## Directions for this task:
The line containing "I'm here to" and every line after it, through the end of the records below, are to be reproduced exactly, with the pictures left out.

## Stored data:
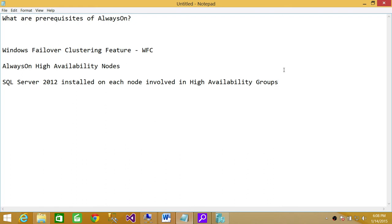The second thing Always On requires is high availability nodes. All the nodes that are going to be part of Always On need to be part of that cluster. They need to be added as a node in the Windows cluster.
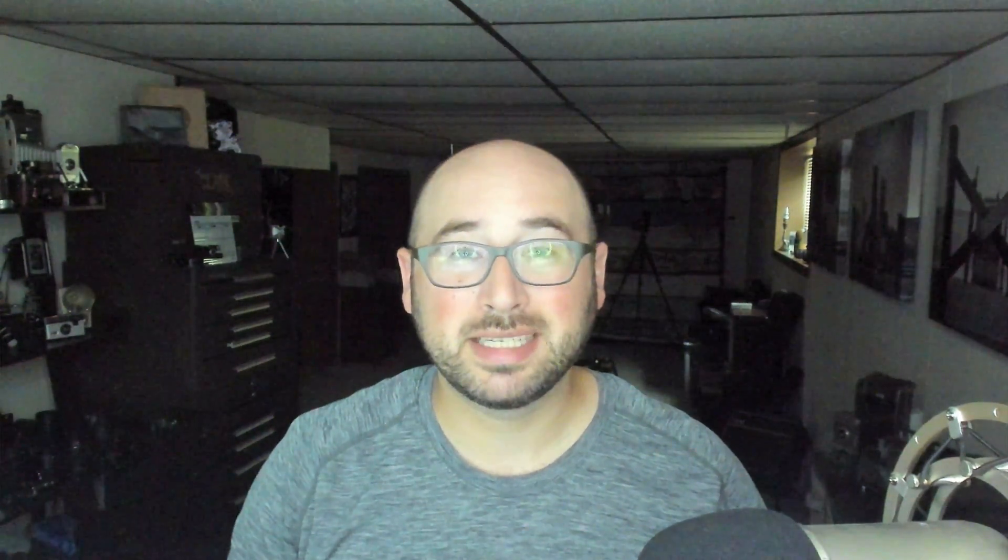I publish new videos every Monday and Thursday, whenever possible. So, click that subscribe button. Karate kick that notification bell. You don't want to miss it.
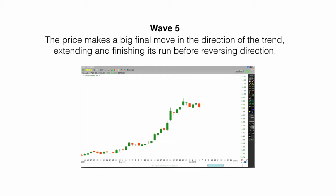Wave five. The price makes a big final move in the direction of the trend, extending and finishing its run before reversing direction.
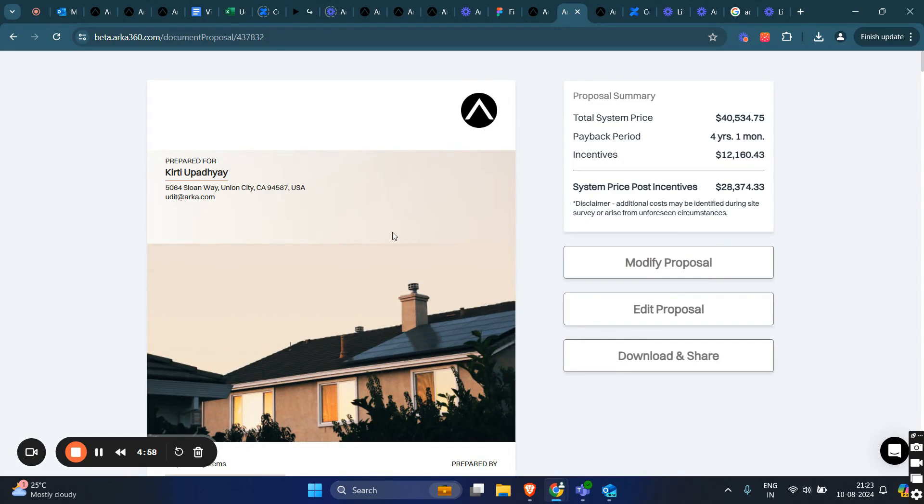Hi everyone. Today, I'm excited to introduce you to our new feature, Customizable Proposals.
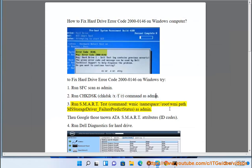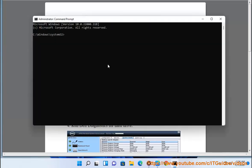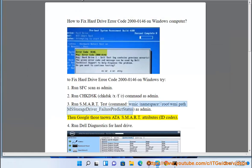3. Run SMART test command: wmic /namespace:\\root\wmi path MSStorageDriver_FailurePredictStatus as admin. Then google the SMART attributes ID codes.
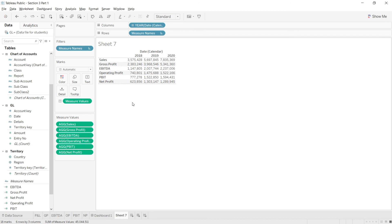That is it — those were the basic calculations we wanted to do. From the next lecture, we are going to calculate some of the ratios that are based on the balance sheet figures and profit and loss figures, like gross profit margin and net profit margin.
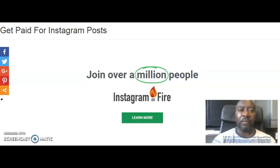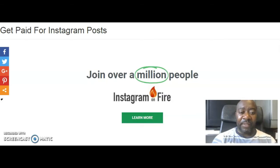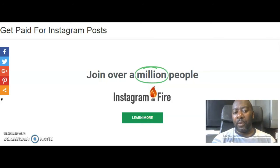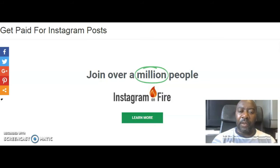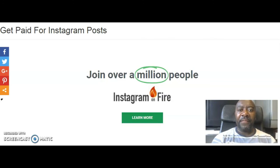I'm here to share what's been shared with me. All you need to do is click on the link in the description box — it's going to take you to this page where it says 'Join over a million people.' Instagram on Fire is the system. Click on the Learn More button, it'll take you straight in. Just download the report, follow the steps. This is hot, so take action — do it now.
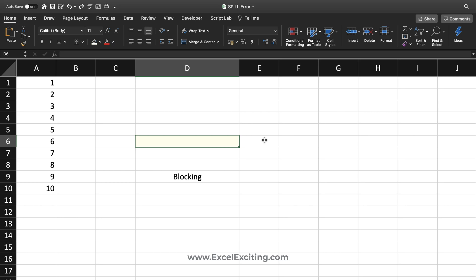Whenever you're constructing a formula with an array or returning a range of an array, the formula will give you a spill error if you have any obstruction in the cell. Let's see this in action.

## Result of this exercise:
I'm here to share what's been shared with me. All you need to do is click on the link in the description box — it's going to take you to this page where it says 'Join over a million people.' Instagram on Fire is the system. Click on the Learn More button, it'll take you straight in. Just download the report, follow the steps. This is hot, so take action — do it now.
Whenever you're constructing a formula with an array or returning a range of an array, the formula will give you a spill error if you have any obstruction in the cell. Let's see this in action.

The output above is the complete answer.